Despite ongoing financial stress emanating from the likes of Turkey and other emerging market economies in recent weeks, the US stock market (S&P500) managed to finally inch above the prior all-time highs set back in January. If that alone doesn’t speak to how resilient is the US stock market, it is also worth mentioning the political environment remains extremely challenging for Trump & Co., and by all expectations would signal that mid-term elections in November will result in a shift of control in Congress. Such an outcome would seem likely to further reduce what is already limited political capital for the balance of his 4-year term if not create increased uncertainty of impeachment. At the same time, weakness in international markets implies the globally synchronized growth story is dead just 12 months after it was first embraced and international was believed to be a better value and return opportunity.
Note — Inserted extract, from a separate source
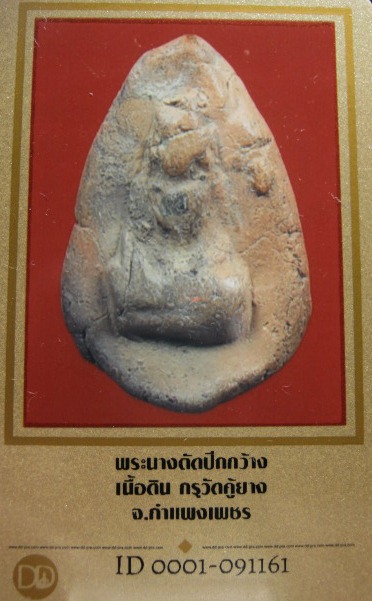 บัตรรับประกันพระแท้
Most discussed this week however is that the current bull market being enjoyed in the US just became the longest such run in history, stealing the title from the 9.5 year period encompassing October 1990 to March 2000. This current run is not yet as powerful in terms of gains as the former, but make no mistake that the age of this run will be more loudly cited as one of the most compelling reasons to anticipate its end.
From an economic perspective, data in the US continues to support the view that there remains plenty of fuel in the tank for the bull to endure. 2Q earnings season just concluded with another robust +24% growth over the year-ago period – on top of a similar jump reported during 1Q. Employment statistics also evidence strength, and business confidence is back near all-time highs. Likewise consumers, especially the most affluent, are feeling flush judging by strong results of high-end and aspirational brand retailers. New, high-end homes are also continuing to sell well, despite mortgage rates that are noticeably more expensive than a year ago. With such strong readings however, come a different set of worries (odd as that may seem on the surface): financial markets are just as focused on “what’s next”; steady strong growth is not the same as accelerating growth and in that respect a rising caution will be that current growth enjoyed is as good as it gets. The next progression of that thought is that growth must begin to taper off. The concern is more succinctly stated as “peak growth”. Look no further than Europe to understand how “peak growth” can be awkward for investment markets. Most regions in Europe are still expanding, but growing at a slower pace than in the recent 18 months. Tariff/trade threats are not helping international investors either.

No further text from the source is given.